BERNA/BELLINZONA - L'ultimatum è scaduto. E ora, come si dice ai tavoli del casinò, rien ne va plus. Lo scorso 13 marzo, dopo un incontro tra la Deputazione ticinese alle Camere e la Consigliera Federale Eveline Widmer Schlumpf, il presidente dei parlamentari Fabio Regazzi aveva tracciato una deadline. Il Consigliere Nazionale PPD aveva dichiarato ai nostri microfoni: "Siamo disposti ad attendere fino a fine maggio, non oltre. A quel momento sul tavolo dovrà esserci un cambiamento che sia soddisfacente, non bastano più soluzioni ‘tanto per’. E ancora più chiaramente abbiamo fatto capire che non vengano a dirci arrivati che si rimanda ancora: accadesse, non saremo più disposti ad accettarlo e non sarebbe più gestibile di fronte alla popolazione ticinese”.

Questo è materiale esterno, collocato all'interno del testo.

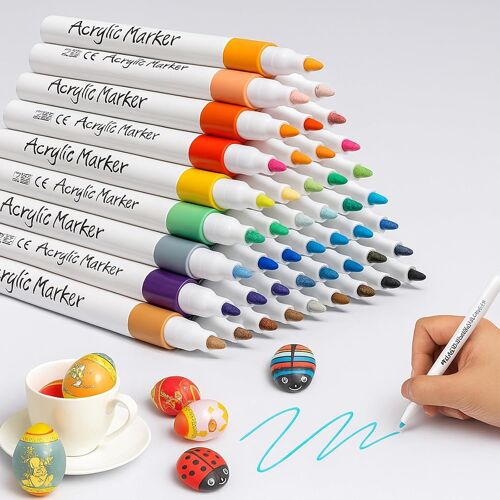 KALANKA-36 stylo marqueur indelebileétanches, 2.0mm feutre pour textile, marqueurs acryliques, adaptés pour le bois, le métal, le verre, le tissu, la pierre.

Nel frattempo, come detto, maggio è passato e da Berna e dal Ticino è passato anche il presidente della Repubblica italiana Giorgio Napolitano. Si pensava, o per meglio dire si sperava, che con Napolitano giungesse in Svizzera anche un pezzo di carta. Se non proprio una bozza di accordo, quantomeno una dichiarazioni di intenti che facesse intravvedere una prospettiva di risoluzione sui diversi contenziosi in ballo fra i due paese. Qualcosa di concreto, messo nero su bianco, in particolare sul nodo che più sta a cuore al Ticino: l'accordo sui ristorni dei frontalieri. Questo non è accaduto. Ed è l'unico dato di fatto. Dopodiché le versioni divergono tra chi dice, come il presidente del Governo ticinese Manuele Bertoli, che siamo a un passo dalla vetta, e chi invece sostiene che la cima della montagna la vediamo ancora con il cannocchiale.   

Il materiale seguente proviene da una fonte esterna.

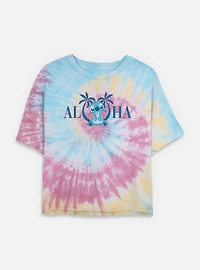 Disney Lilo & Stitch Aloha Kauai Womens Tie-Dye Crop T-Shirt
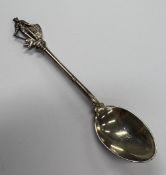 A heavy novelty silver spoon cast with knight.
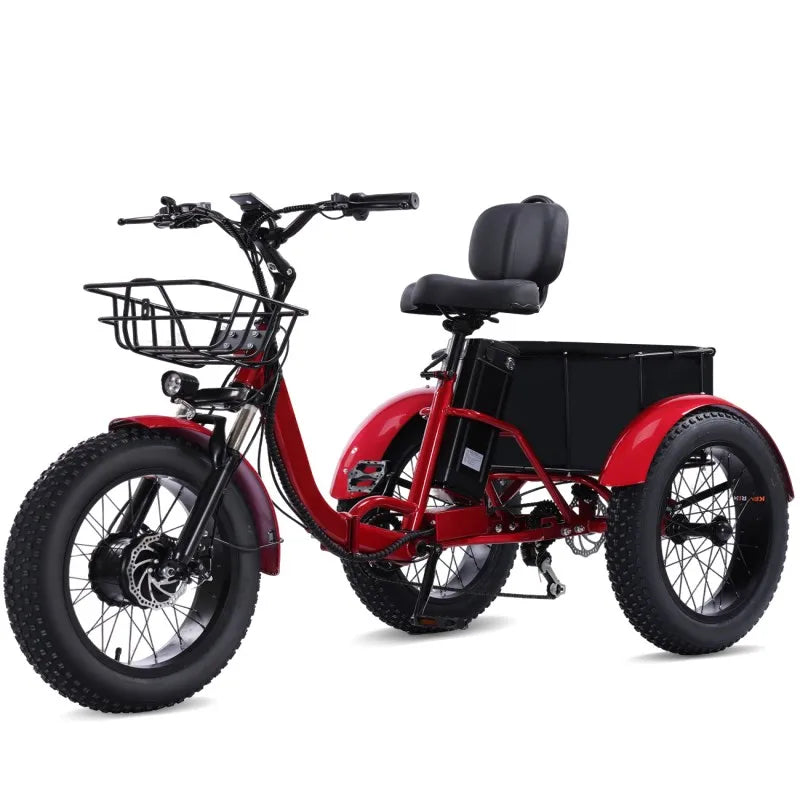 PEAK 1000W Foldable Electric Trike for Adults 50-Mile Range 48V 15AH Removable Battery&7-Speed Gearing 20"X4.4"Fat Tire Tricycle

Ma l'ultimatum è scaduto. E i deputati ticinesi a Berna non vogliono certo perdere la faccia. E allora domani sarà il giorno della verità. O dentro o fuori. O sul tavolo verrà messa una proposta concreta sulla fiscalità dei frontalieri oppure il tavolo rischia seriamente di saltare. Nel tardo pomeriggio a Berna torneranno a sedersi allo stesso tavolo i nostri parlamentari e la Consigliera Federale. E Fabio Regazzi, come ci conferma al telefono, non ha intenzione di arretrare di un millimetro: "Siamo arrivati alla scadenza della deadline e non intendiamo concedere ulteriori proroghe. A Widmer Schlumpf avevamo spiegato molto bene la nostra posizione nel corso di quella riunione di marzo e lei ci aveva assicurato che entro la fine di maggio avrebbe portato risultati concreti nell'ambito delle trattative con l'Italia. Di conseguenza domani ci aspettiamo qualche soluzione concreta a favore del Ticino. E dico già che non ci accontenteremo dei classici "segnali positivi" o "passi avanti" nella trattativa".

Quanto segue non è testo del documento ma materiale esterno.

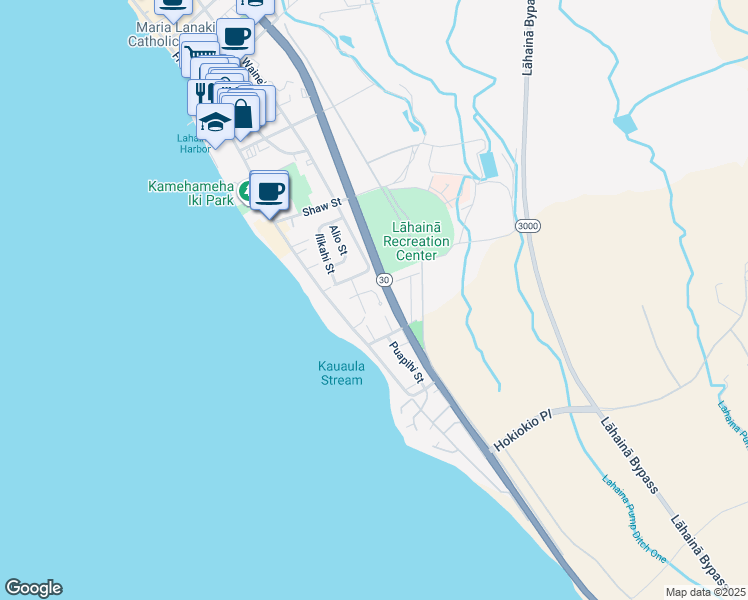 map of restaurants, bars, coffee shops, grocery stores, and more near 82 Kahili Place in Lahaina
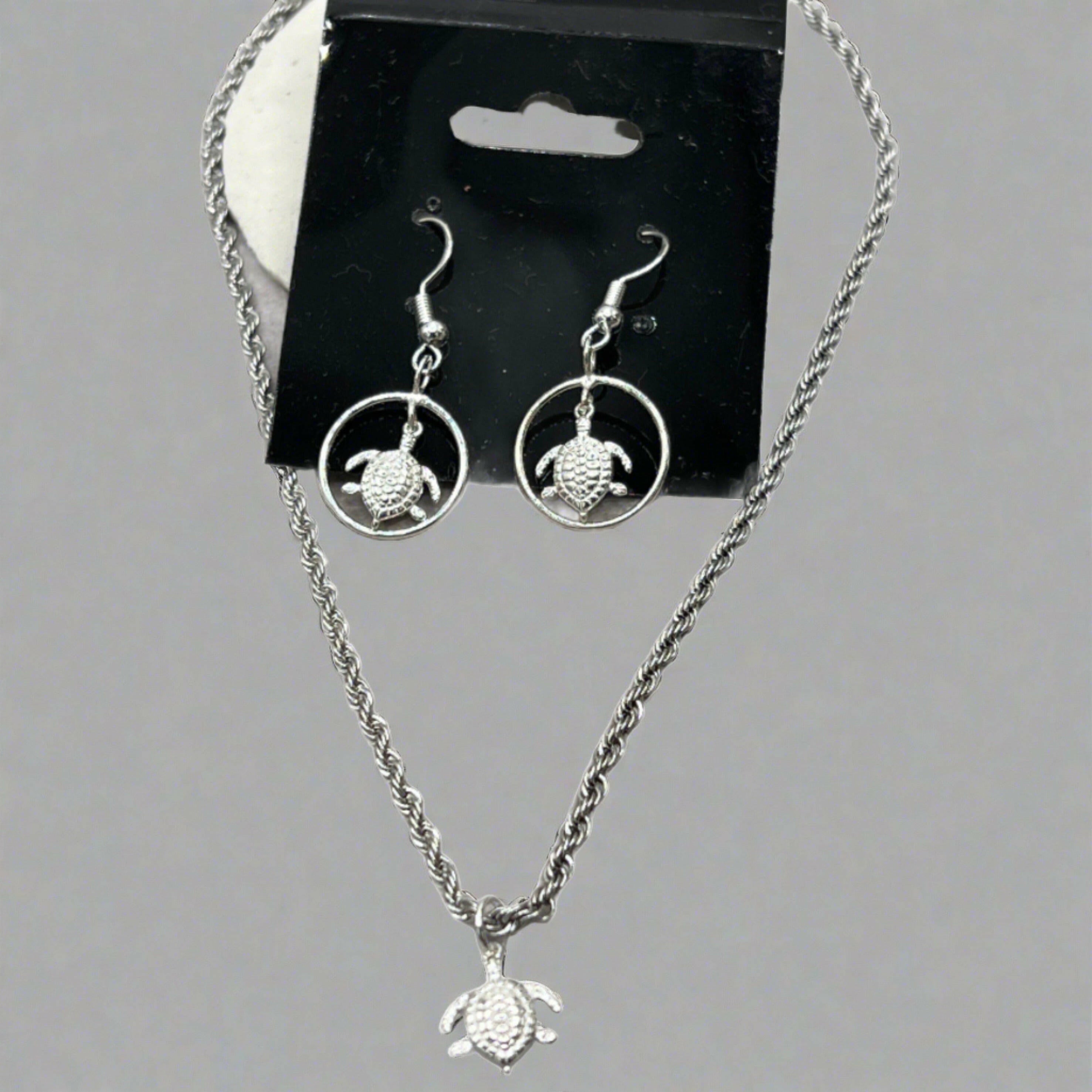 Bec Sue Jewelry Shop necklace and earrings Ocean-Inspired Stainless Steel Turtle Necklace and Earrings Set Tags 640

Di più Fabio Regazzi non aggiunge. La vigilia di un incontro decisivo necessita del dovuto garbo istituzionale, della giusta pre tattica, e di un po' di silenzio. La posta in gioco, del resto, è altissima. Un'altra scadenza infatti si avvicina a grandi passi. Entro la fine di questo mese il Consiglio di Stato dovrà prendere una decisione sul blocco dei ristorni dei frontalieri. E il blocco è una delle preoccupazioni più pressanti sulle spalle delle Confederazione, intimorita dal fatto che la mossa ticinese possa buttare all'aria il tavolo di trattativa con l'Italia. Ma se da Berna non arriverà un segnale concreto, in Ticino tutti si sentiranno le mani libere. E quella preoccupazione è destinata con ogni probabilità realizzarsi.